[Extracted data entries]

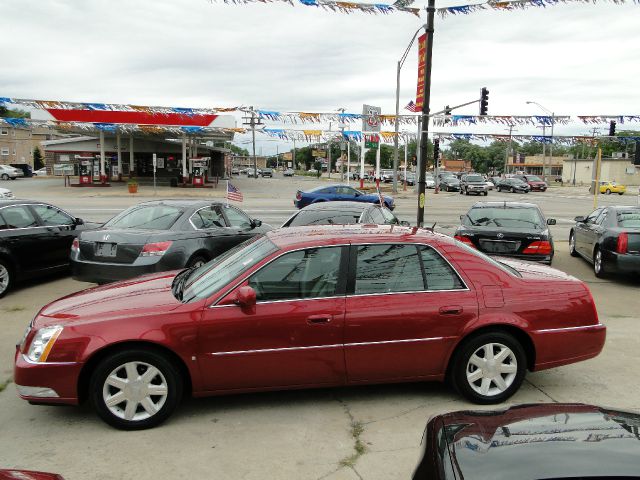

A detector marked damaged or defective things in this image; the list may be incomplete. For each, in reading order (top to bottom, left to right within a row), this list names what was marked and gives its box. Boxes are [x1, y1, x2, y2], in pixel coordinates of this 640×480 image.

pavement crack [528, 378, 556, 402]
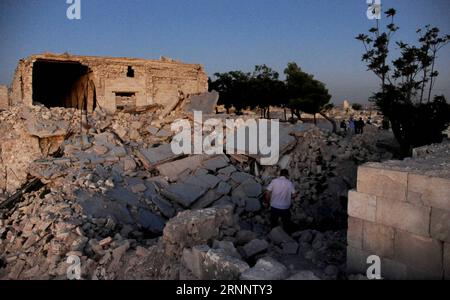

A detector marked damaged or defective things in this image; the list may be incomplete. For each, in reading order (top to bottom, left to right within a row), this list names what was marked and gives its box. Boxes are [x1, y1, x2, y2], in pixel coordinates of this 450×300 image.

broken concrete slab [239, 256, 288, 280]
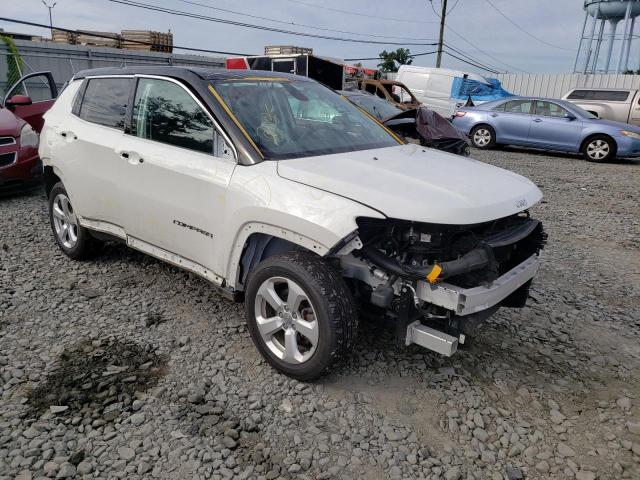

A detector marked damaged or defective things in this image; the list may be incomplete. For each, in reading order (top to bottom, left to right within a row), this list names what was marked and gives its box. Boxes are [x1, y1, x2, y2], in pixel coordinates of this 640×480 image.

damaged white suv [38, 67, 544, 380]
crushed front end [340, 214, 544, 356]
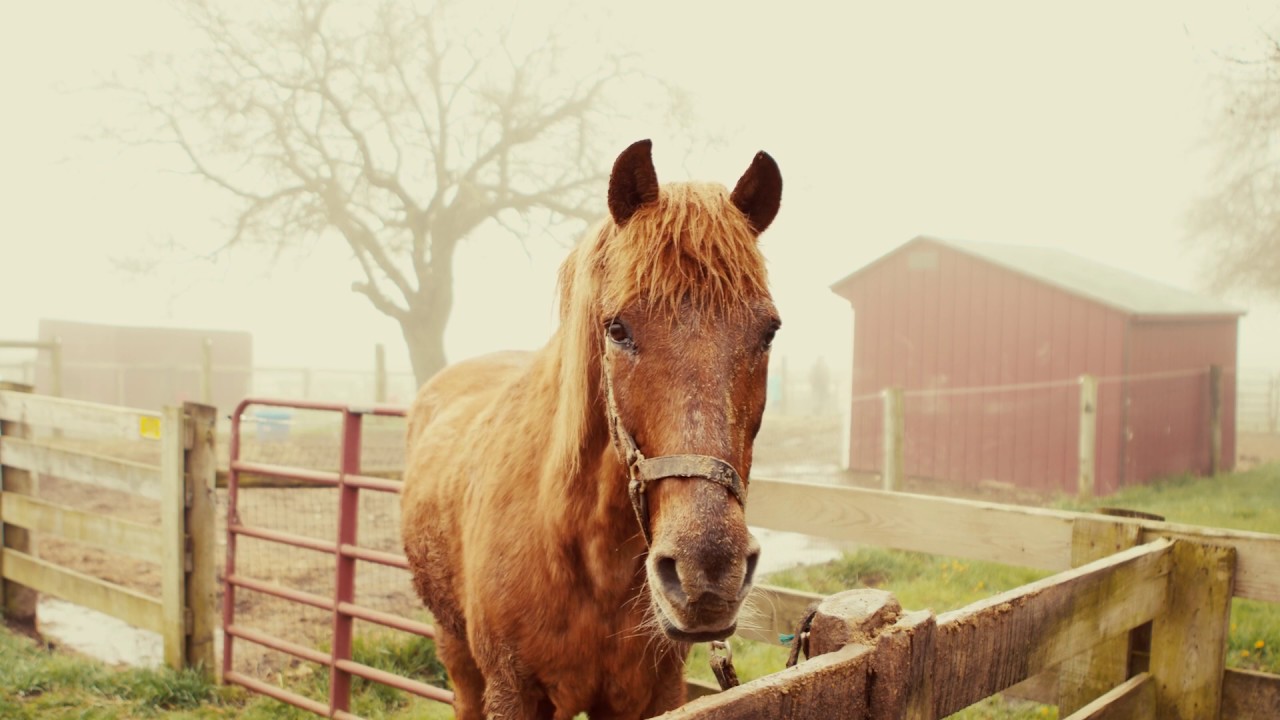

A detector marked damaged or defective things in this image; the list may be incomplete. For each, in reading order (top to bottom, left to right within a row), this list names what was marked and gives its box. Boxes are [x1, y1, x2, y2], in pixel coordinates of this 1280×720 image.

rusty metal post [327, 409, 363, 712]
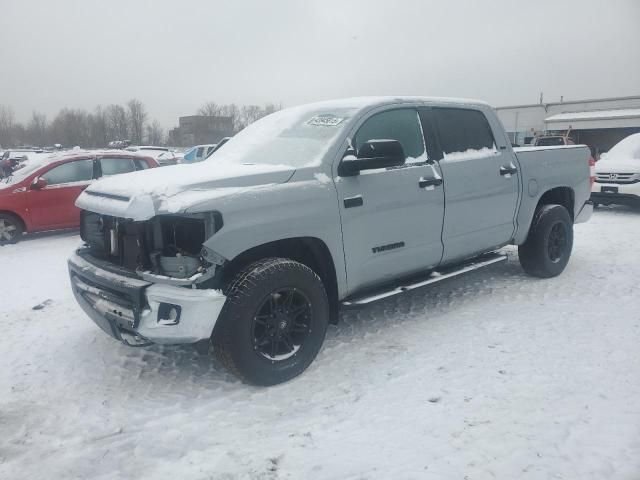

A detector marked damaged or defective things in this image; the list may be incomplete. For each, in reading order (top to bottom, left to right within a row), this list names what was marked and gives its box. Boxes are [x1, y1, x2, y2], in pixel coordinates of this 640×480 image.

damaged front end [79, 209, 225, 284]
crushed front bumper [68, 251, 225, 344]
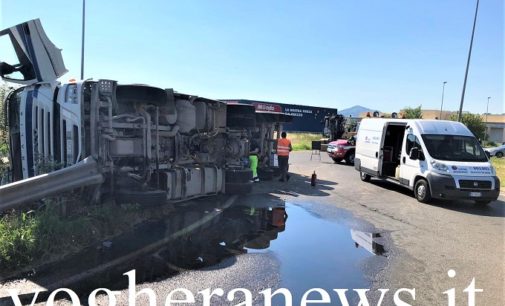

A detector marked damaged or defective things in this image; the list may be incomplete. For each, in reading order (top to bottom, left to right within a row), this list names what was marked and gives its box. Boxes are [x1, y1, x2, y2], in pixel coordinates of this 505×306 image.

overturned truck [0, 17, 252, 207]
crashed vehicle [0, 19, 252, 208]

Description of the task: Beginning with the line that has "this 1280×720 image.", repeat each remaining line of the data above word for word, keeping pictures out.

Task answer:
A detector marked damaged or defective things in this image; the list may be incomplete. For each, in reading order (top to bottom, left to right within a row), this list names what was marked and gives its box. Boxes are [x1, y1, x2, y2], in pixel coordinates of this 1280×720 image.

rusty metal post [327, 409, 363, 712]

A detector marked damaged or defective things in this image; the list may be incomplete. For each, in reading order (top to bottom, left to right within a row), this list names what was marked and gives its box. Boxes are [x1, y1, x2, y2], in pixel coordinates of this 640×480 image.

damaged front end [79, 209, 225, 284]
crushed front bumper [68, 251, 225, 344]

A detector marked damaged or defective things in this image; the list may be incomplete. For each, in reading order (top to bottom, left to right within a row), this list names what was marked and gives its box. Boxes are [x1, y1, x2, y2], in pixel coordinates of this 505×306 image.

overturned truck [0, 17, 252, 207]
crashed vehicle [0, 19, 252, 208]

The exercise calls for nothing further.